Kristof's ugly smear. New York Times columnist Nicholas Kristof today charges that "liberal Web sites" are raising the possibility that Minnesota senator Paul Wellstone -- killed in a plane crash a week and a half ago -- was the victim of an assassination by his political enemies on the right. "The White House team that executed Vincent Foster must have struck again," Kristof sneers. His so-called point is that liberals are reacting to George W. Bush and the Republican Party with the same demented paranoia that marked conservatives' stance toward Bill Clinton and the Democrats.

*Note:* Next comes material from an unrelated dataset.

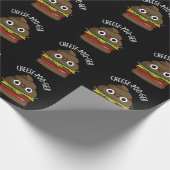Papier Cadeau Poêle à fromage Funny Poop Pun à crosse foncé BG (Coin)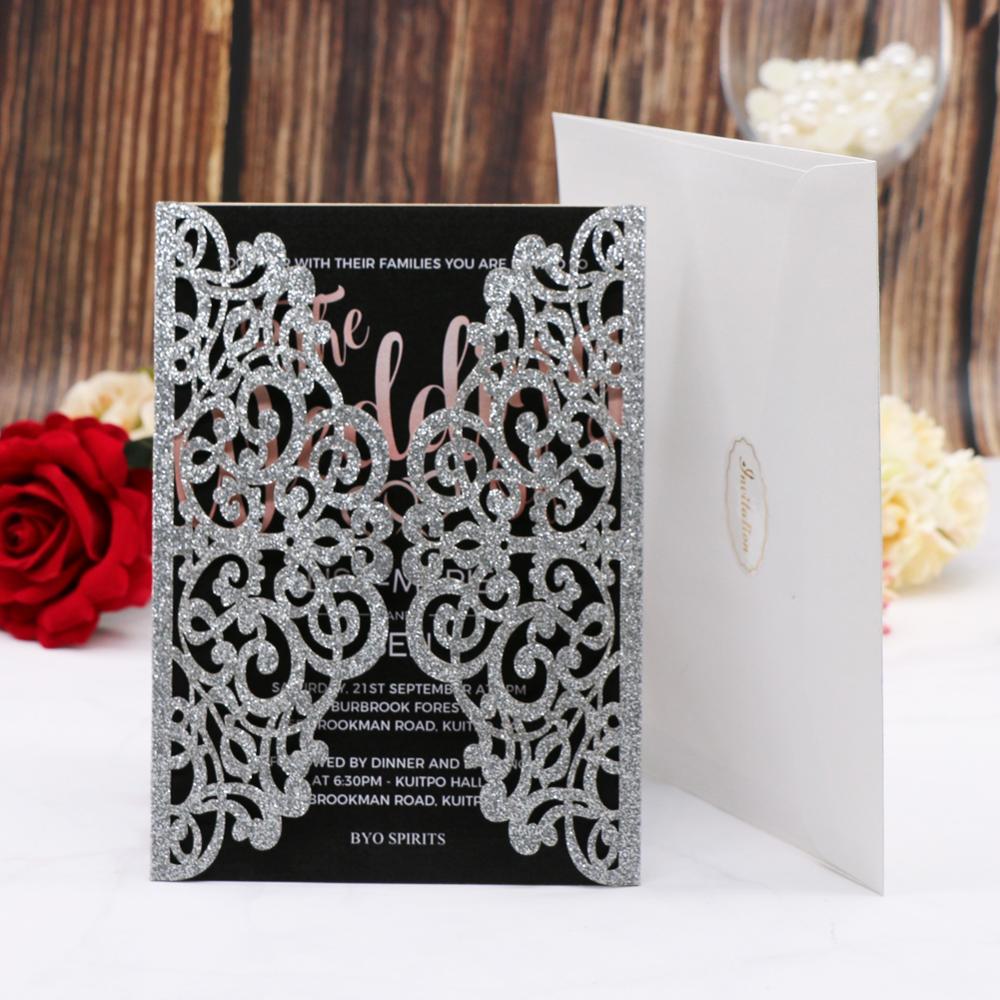 20pcs/lo Glittery Sliver Wedding Invitation Card Luxury Color Birthday Business Party Invitation Card Ceremony Invitation Cards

Kristof's use of the word "liberal" suggests that mainstream Democrats are calling for an investigation into whether Bushies planted themselves on Minnesota's equivalent of the grassy knoll and shot down Wellstone's plane. But he offers no evidence in trying to make the case for moral equivalence. Cartoonist Ted Rall -- who's way to the left of liberal -- recently wrote a piece claiming that "some Democrats and progressive Americans" are raising questions about the Wellstone tragedy. But, like Kristof, Rall names no names, and in the end he concludes that the conspiracy theory is highly unlikely. There's also some chatter on the websites of the Independent Media Centers, which, frankly, are way to the left of Rall. Conservative commentator Andrew Sullivan, writing in Salon.com, had to strain to find another nutty conspiracy theorist, a Dr. Michael I. Niman of Buffalo State College. And even Niman ends up admitting that Wellstone's death was probably just an accident.
It's not that no one is raising questions about Wellstone's death. It is, after all, not difficult to find websites that raise questions about whether the earth is round, or if people really did land on the moon. But Kristof's tone suggests that I should be able to read the latest on the Wellstone conspiracy at the website of, say, the Democratic National Committee. Please. When Clinton aide Vince Foster committed suicide, no fewer than two special prosecutors were ordered by congressional Republicans to look specifically into the question of whether the White House had him assassinated. Even the sex-crazed Ken Starr concluded that was ridiculous. As Times columnist Bill Keller pointed out on Saturday, Republican congressman Dan Burton of Indiana, a member of the House leadership team, once went so far as to shoot bullets into a watermelon in a twisted attempt to prove his Foster-was-murdered theory. (Presumably Burton would have used a cocoanut if he believed Foster had really killed himself.) Where are the Democrats calling for an investigation into the Wellstone "assassination"? The answer is that there aren't any.
Conservative paranoia during the Clinton years reached the highest levels of the Republican Party. By contrast, Kristof offers no evidence that anyone other than a few people on the far left believe the Bush White House had anything to do with Wellstone's tragic death. Kristof's charge amounts to a smear against Democrats and liberals, unsupported by facts.